For a film that only cost $6 million (!) to produce, Ready or Not looks absolutely sublime. That’s a testament to the work of directors Matt Bettinelli-Olphin and Tyler Gillett, who have crafted a low-budget horror film that looks anything but. In the ultimate case of life imitating art, Bettinelli-Olphin and Gillett have bested their big-budget horror rivals to deliver one of the year’s finest films of this genre, proving money can’t buy you everything.

With a final act that’s utterly masterful and absurdly wonderful, Ready or Not is supremely entertaining from start to finish. Elevated by its biting commentary on class warfare and a sublime ensemble cast, this is everything a horror-comedy should be. This film gives you everything you came for and plenty you weren’t expecting.

What a joy to see something blaze its own original path and have you leaving the cinema with a huge naughty grin on your face, especially after a final shot sure to go down in the annals of horror movie lore. With lashings of blood and plenty of giddy thrills, Ready or Not is one game you’ll want to play again and again.

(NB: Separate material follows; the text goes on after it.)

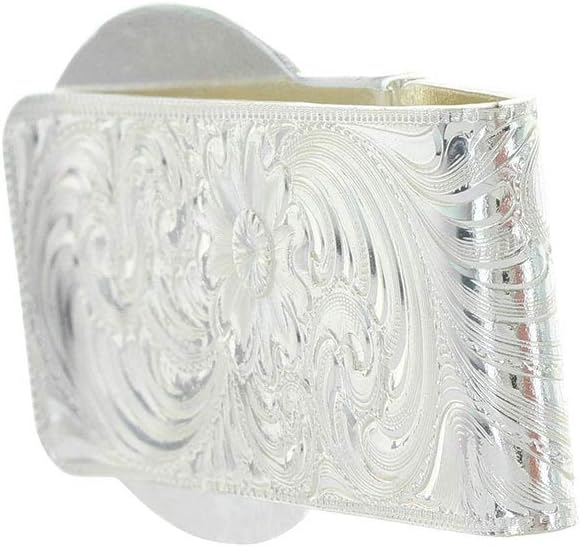Montana Silversmiths Made in the USA Western Lifestyle Money Clip (Texas Star Hinged)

Distributor: Fox Searchlight
Cast: Samara Weaving, Adam Brody, Mark O’Brien, Henry Czerny, Andie MacDowell, Melanie Scrofano, Kristian Bruun, Nicky Guadagni, Elyse Levesque, John Ralston
Director: Matt Bettinelli-Olpin, Tyler Gillett
Producers: Bradley J. Fischer, William Sherak, James Vanderbilt, Tripp Vinson
Screenplay: Guy Busick, R. Christopher Murphy
Cinematography: Brett Jutkiewicz
Production Design: Andrew M. Stearn
Music: Brian Tyler

Editing: Terel Gibson
Running Time: 95 minutes
Release Date: 24th October 2019 (Australia)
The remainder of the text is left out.